Pois hoje a amiga revisora encontrou nota na coluna de TV, em que, logo depois de um PARA, aparece um "PRA" aspeado!

A preposição não é estrangeira, não é gíria, não é nenhum bicho de sete cabeças.

Então, por que as aspas, gente?

quinta-feira, 25 de maio de 2017

Freio na tautologia, pessoal!

O Globo receberá em breve o "Prêmio Troféu Pleonasmo de Ouro Dourado".

Nos últimos dias, já tinham sido encontrados "contracenar junto" e "assintomático sem sintomas".

Hoje, a assídua colaboradora achou um baita "Há muito tempo atrás", em título — e na editoria que leva o nome de Cultura!

Pensem, colegas: não dá pra ser "há muito tempo adiante", não é?

Então, escolham: o verbo ou o advérbio. Nunca os dois.

quarta-feira, 24 de maio de 2017

Descendo a ladeira



O Globo é de um ridículo atroz.

Ontem, como viu um colaborador, na editoria de Esportes, reproduziu a fala de um entrevistado e abriu aprênteses para "explicar":

"O atleta se encontra sem dor, assintomático (sem sintomas) e vai iniciar (...)".

Será que o repórter teve que descobrir o que é "assintomático" e decidiu contar pra todo mundo, acreditando que ninguém mais sabia? 

Também não custa perguntar: por que "se encontra"? Não é melhor "ESTÁ sem dor"?

Isso tudo acaba sendo quase nada num jornal que publica palavrão, comete erros horrorosos de regência, concordância etc, mas tem prurido com o informal "PRA", pra lá de dicionarizado.

Hoje, a primeira manchete é:

"Para começo de conversa: Base aliada (...)".

 Não faz sentido! A expressão é "PRA COMEÇO de conversa", gente!

terça-feira, 23 de maio de 2017

A tautologia volta a atacar


Gente Boba ressuscitou um pleonasmo que eu julgava morto e enterrado: o tal do "contracenar junto".

Vejam aí o que o atento amigo achou na coluna, folheando os jornais do fim de semana.

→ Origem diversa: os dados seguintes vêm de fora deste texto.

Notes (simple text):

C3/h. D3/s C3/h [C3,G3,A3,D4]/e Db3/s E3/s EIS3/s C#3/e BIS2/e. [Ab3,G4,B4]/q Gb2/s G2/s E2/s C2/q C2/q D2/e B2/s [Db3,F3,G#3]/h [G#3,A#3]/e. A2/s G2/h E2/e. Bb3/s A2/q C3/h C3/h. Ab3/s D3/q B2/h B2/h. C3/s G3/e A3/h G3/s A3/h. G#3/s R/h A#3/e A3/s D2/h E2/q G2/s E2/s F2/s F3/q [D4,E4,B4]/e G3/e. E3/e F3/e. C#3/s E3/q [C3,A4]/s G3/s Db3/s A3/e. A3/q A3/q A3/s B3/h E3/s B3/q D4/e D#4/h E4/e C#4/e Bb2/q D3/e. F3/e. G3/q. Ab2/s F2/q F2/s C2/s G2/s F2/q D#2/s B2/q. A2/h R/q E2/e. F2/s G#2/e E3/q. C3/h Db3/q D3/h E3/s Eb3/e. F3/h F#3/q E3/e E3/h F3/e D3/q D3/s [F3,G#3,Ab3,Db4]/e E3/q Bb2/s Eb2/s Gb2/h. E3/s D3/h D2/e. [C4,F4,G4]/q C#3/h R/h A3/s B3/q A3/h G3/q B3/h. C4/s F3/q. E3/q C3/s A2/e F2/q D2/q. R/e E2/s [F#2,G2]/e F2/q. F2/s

Pessoal, "contracenar" já indica que o ator não está sozinho em cena, fazendo um monólogo, OK?

Fulana CONTRACENA COM Beltrana. E ponto final.

domingo, 21 de maio de 2017

Semana conturbada

Com tanta notícia ruim no país, fiquei até sem ânimo para postar notas aqui.

Colaborações, porém, não faltaram — e todas vieram do Globo, o jornal que torna complicada até a transição da assinatura do impresso para a versão digital.

O atento amigo leu na primeira página, dia desses:

"Anvisa reconhece Cannabis sativa".

Ele (como eu) acredita que queriam dizer "O CANABIDIOL", principio ativo da planta que muitos acreditam ter aplicação apenas recreativa, apesar das muitas provas em contrário.

A assídua colaboradora enviou outras, mas vou ficar com a de hoje, encontrada no Ancelmo:

"(...) é tão grande que, na família, houve quem chegou a pensar em pedir a interdição (...)". 

Caramba! Quatro verbos seguidos?!? E com pretérito perfeito ("chegou") em vez de imperfeito ("chegasse")?

Que tal simplificar? Um opção é "HOUVE QUEM PENSASSE em interdição".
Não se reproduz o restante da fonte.